**Brief:** Every line from the top of the records through the line containing "Topo Personalizado Cinderela" should be retyped exactly; the pictures should not.

═══ Provided material

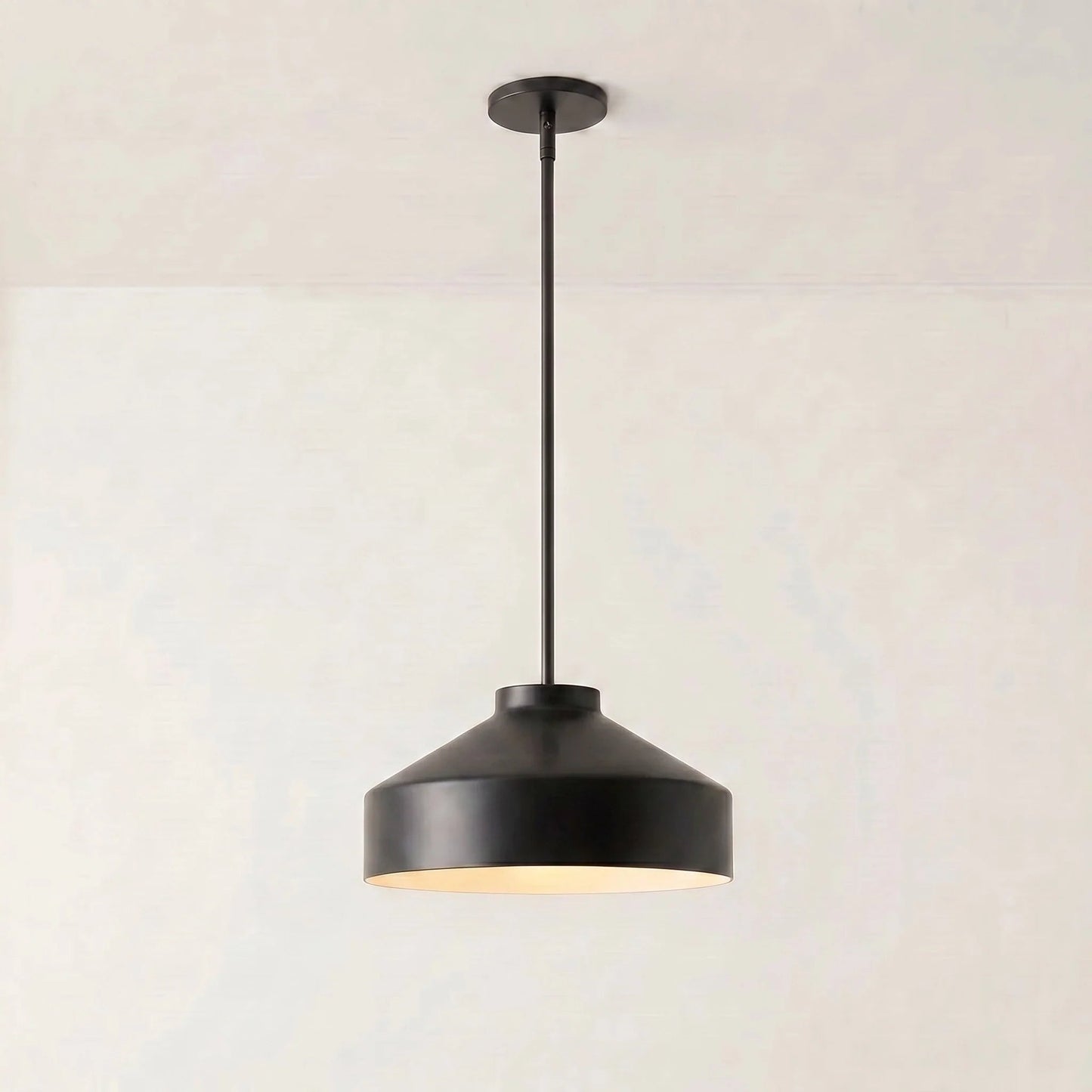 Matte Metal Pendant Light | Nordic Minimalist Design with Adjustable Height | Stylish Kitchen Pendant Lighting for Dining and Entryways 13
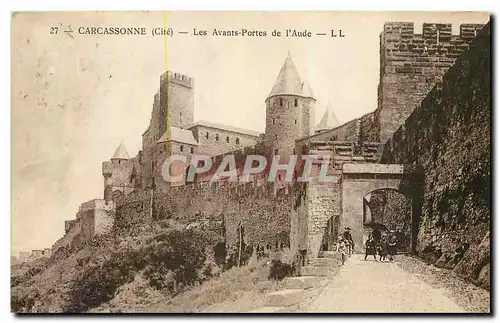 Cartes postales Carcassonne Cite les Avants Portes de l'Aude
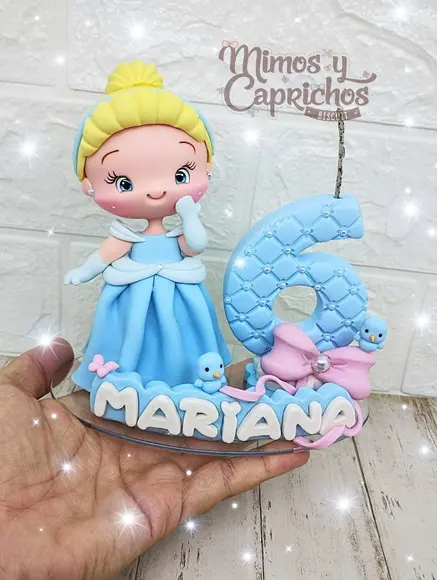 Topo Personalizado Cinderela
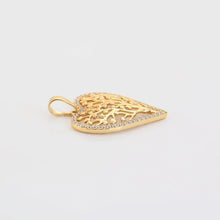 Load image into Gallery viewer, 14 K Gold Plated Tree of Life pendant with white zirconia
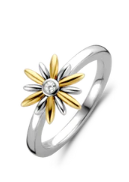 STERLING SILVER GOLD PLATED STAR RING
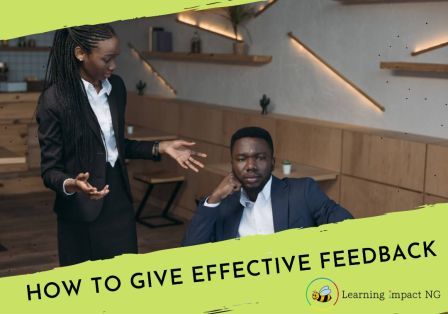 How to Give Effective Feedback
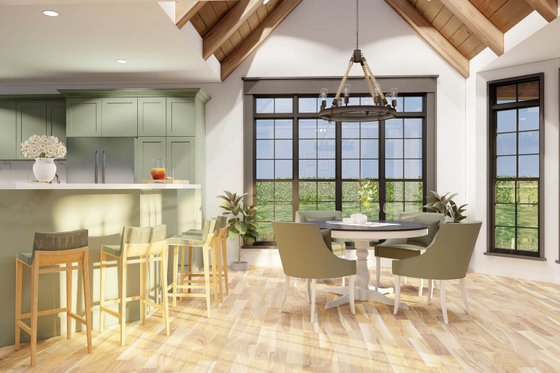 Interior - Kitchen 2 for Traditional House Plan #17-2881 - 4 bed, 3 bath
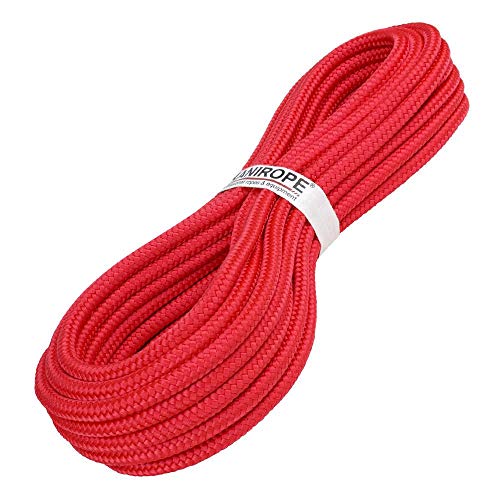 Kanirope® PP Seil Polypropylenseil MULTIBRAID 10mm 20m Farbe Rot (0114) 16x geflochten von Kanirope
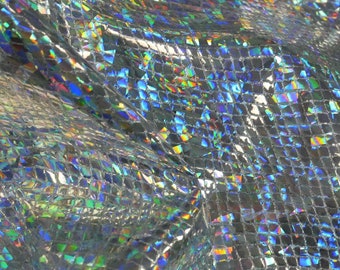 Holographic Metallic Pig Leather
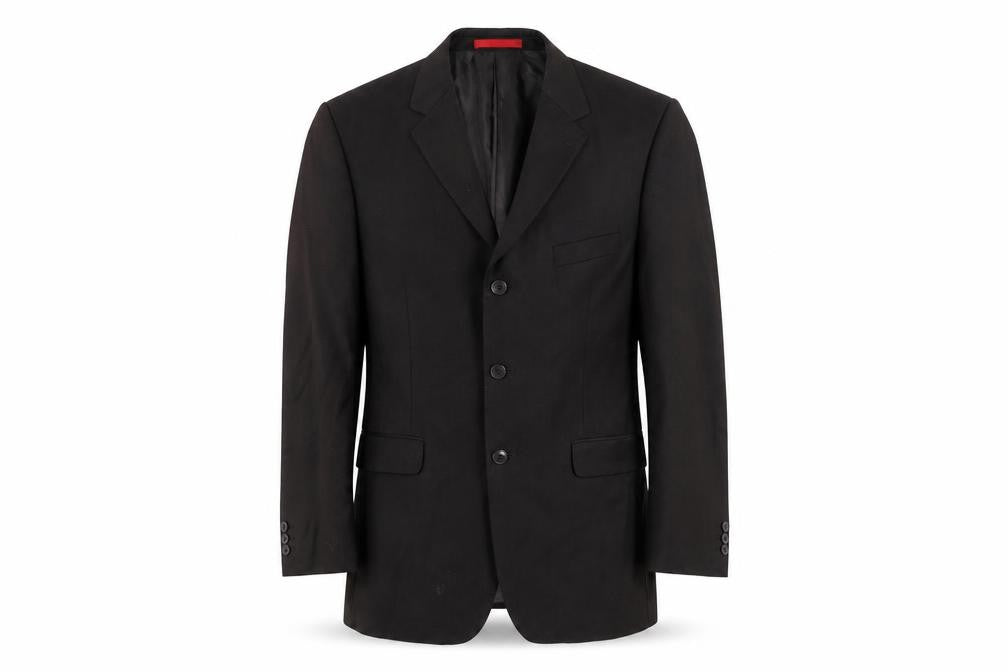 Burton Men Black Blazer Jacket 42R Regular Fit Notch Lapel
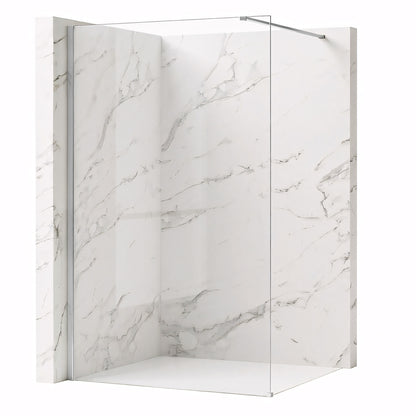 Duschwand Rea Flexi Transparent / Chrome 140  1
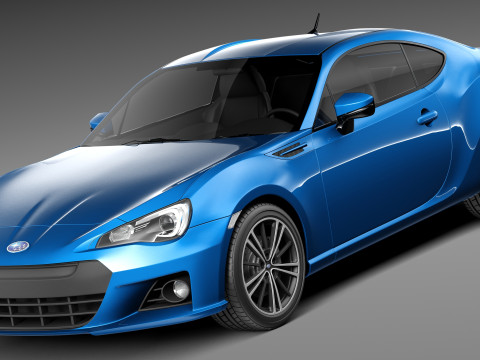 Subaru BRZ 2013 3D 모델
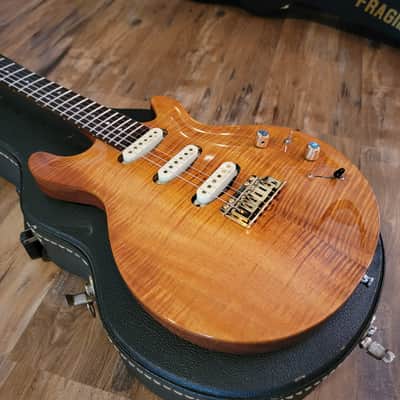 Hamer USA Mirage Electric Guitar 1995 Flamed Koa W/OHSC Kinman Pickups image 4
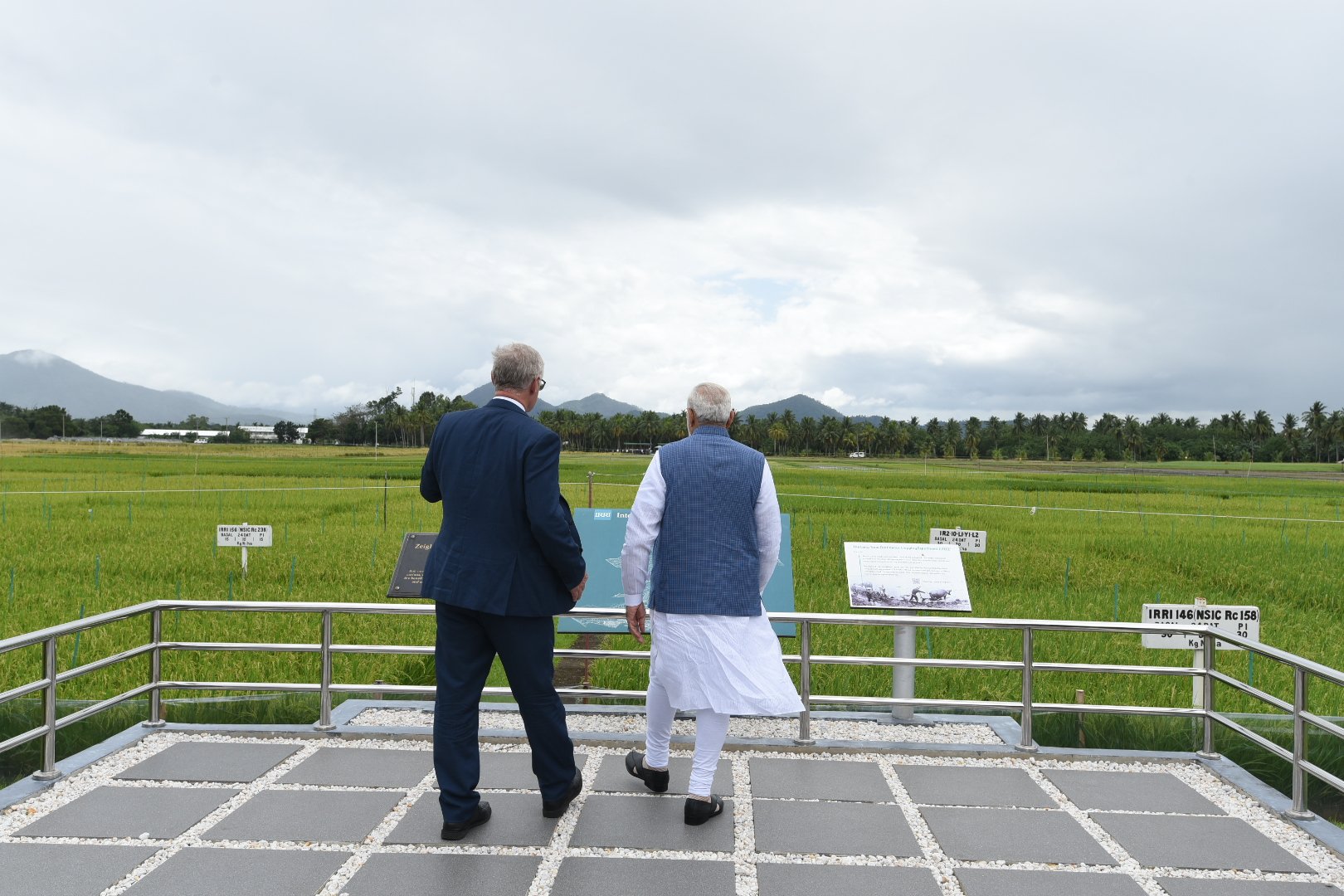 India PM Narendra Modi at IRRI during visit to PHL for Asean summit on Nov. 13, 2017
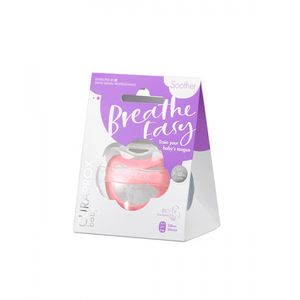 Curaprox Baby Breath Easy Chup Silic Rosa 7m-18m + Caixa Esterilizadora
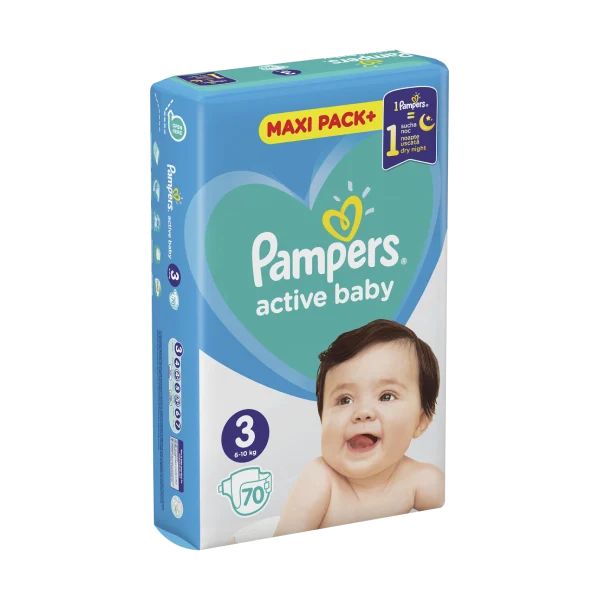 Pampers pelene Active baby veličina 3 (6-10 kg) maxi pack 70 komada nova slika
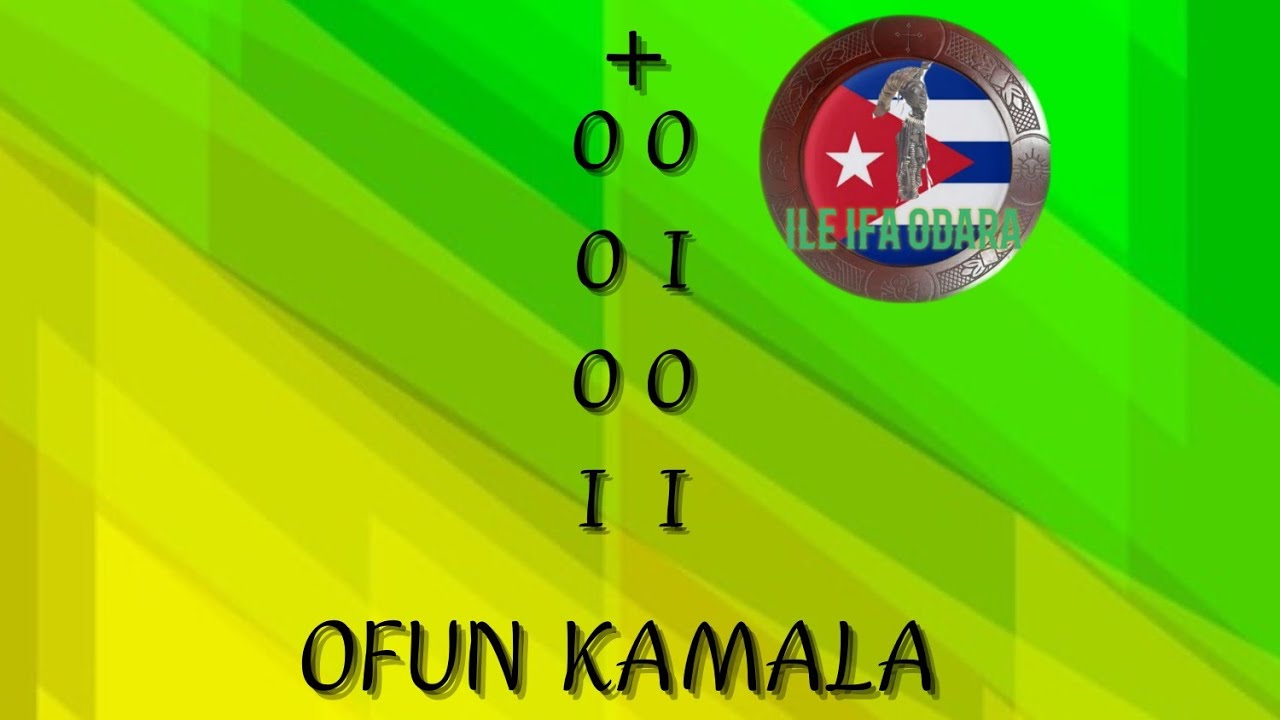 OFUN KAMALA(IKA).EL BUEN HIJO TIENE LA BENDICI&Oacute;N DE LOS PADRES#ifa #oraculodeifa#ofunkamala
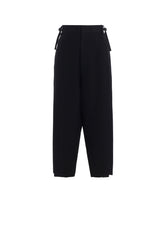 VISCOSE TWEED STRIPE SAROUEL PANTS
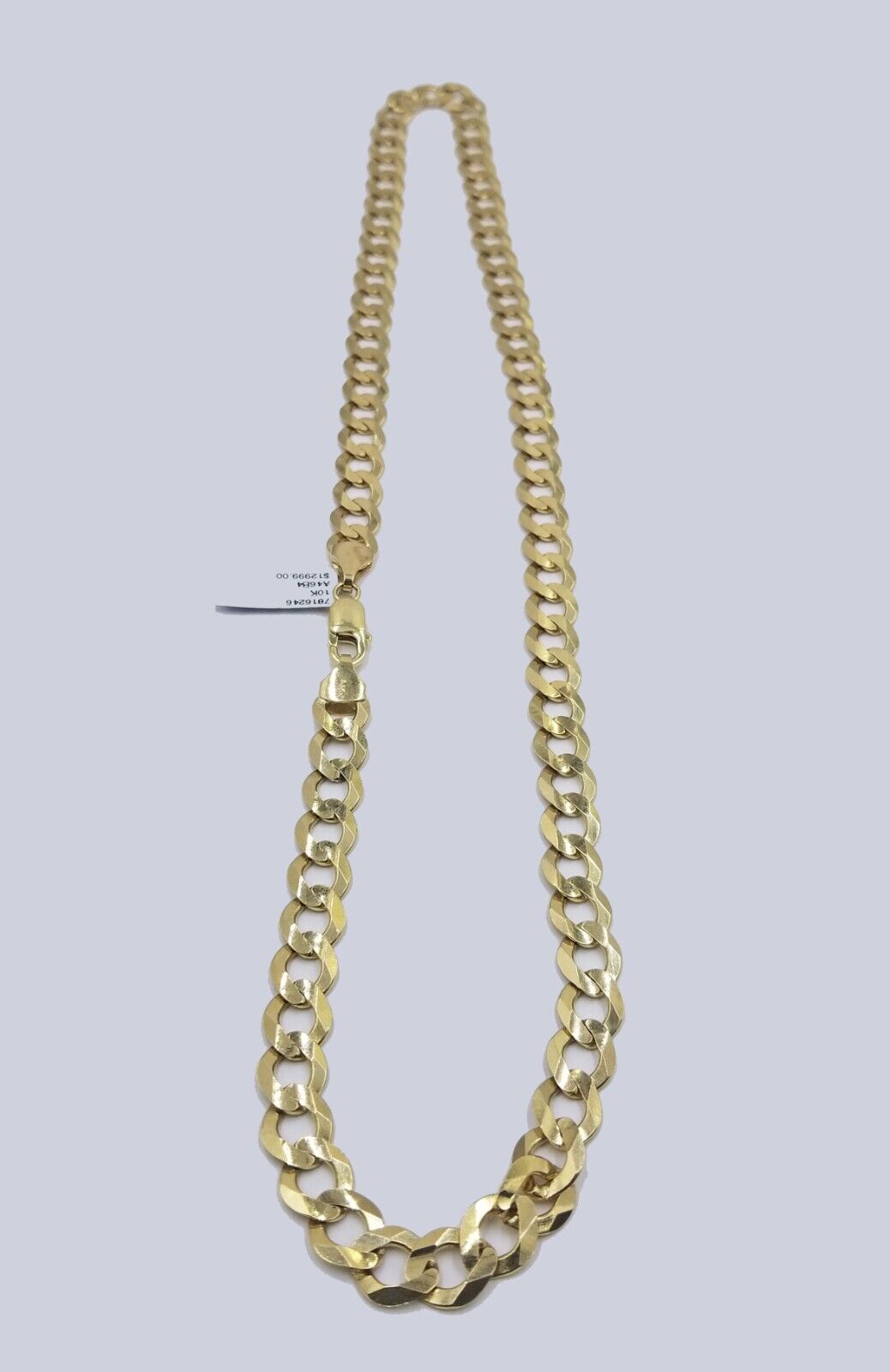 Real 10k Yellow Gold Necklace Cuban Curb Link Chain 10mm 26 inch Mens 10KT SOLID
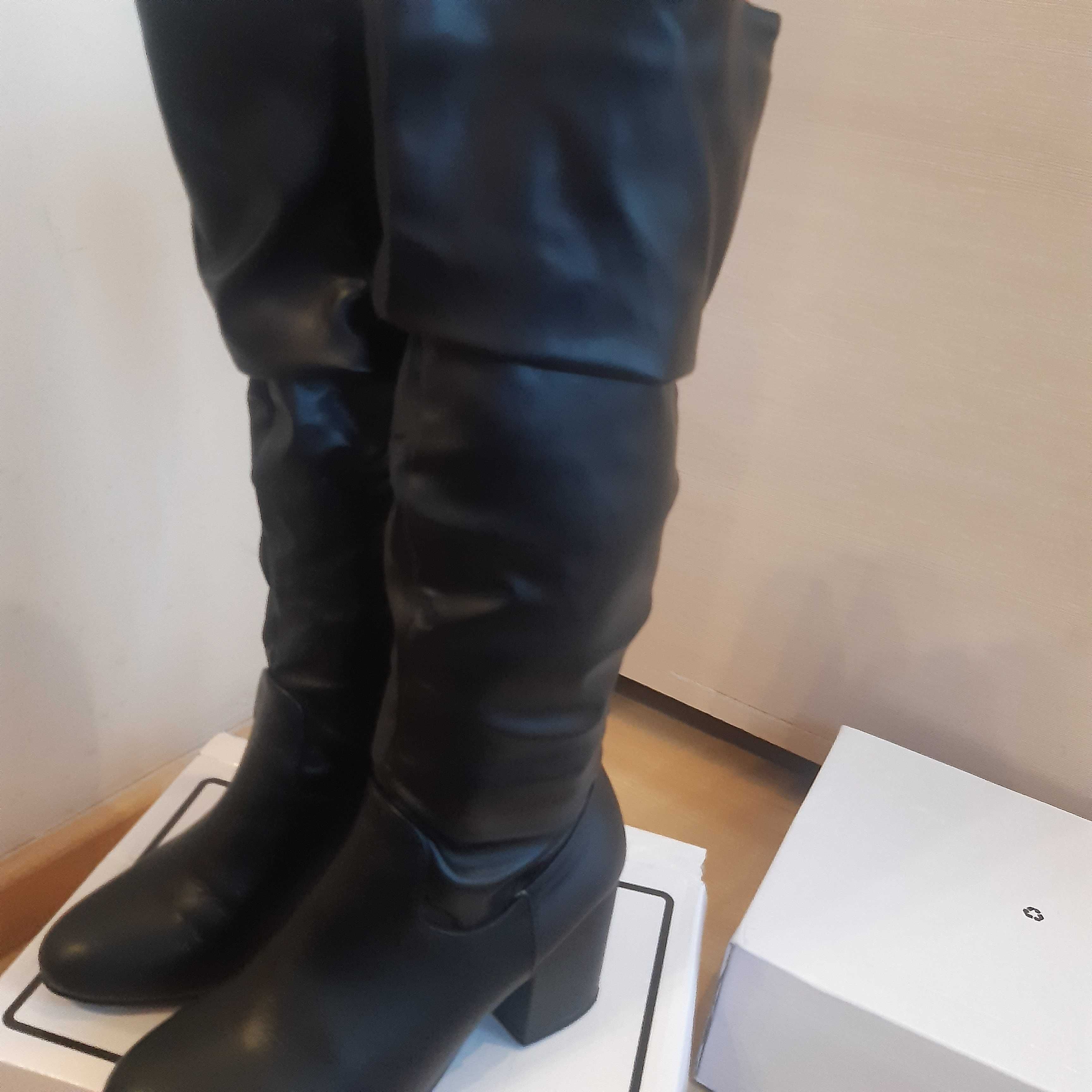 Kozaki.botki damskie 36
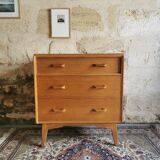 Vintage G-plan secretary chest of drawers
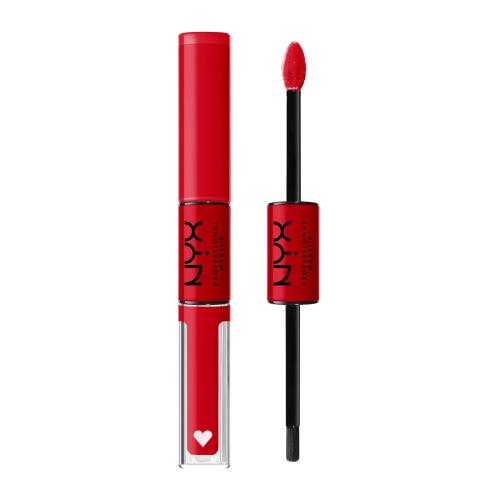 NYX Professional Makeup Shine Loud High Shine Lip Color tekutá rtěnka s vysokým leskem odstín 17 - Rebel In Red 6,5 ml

══════

**Response box:**
 Matte Metal Pendant Light | Nordic Minimalist Design with Adjustable Height | Stylish Kitchen Pendant Lighting for Dining and Entryways 13
 Cartes postales Carcassonne Cite les Avants Portes de l'Aude
 Topo Personalizado Cinderela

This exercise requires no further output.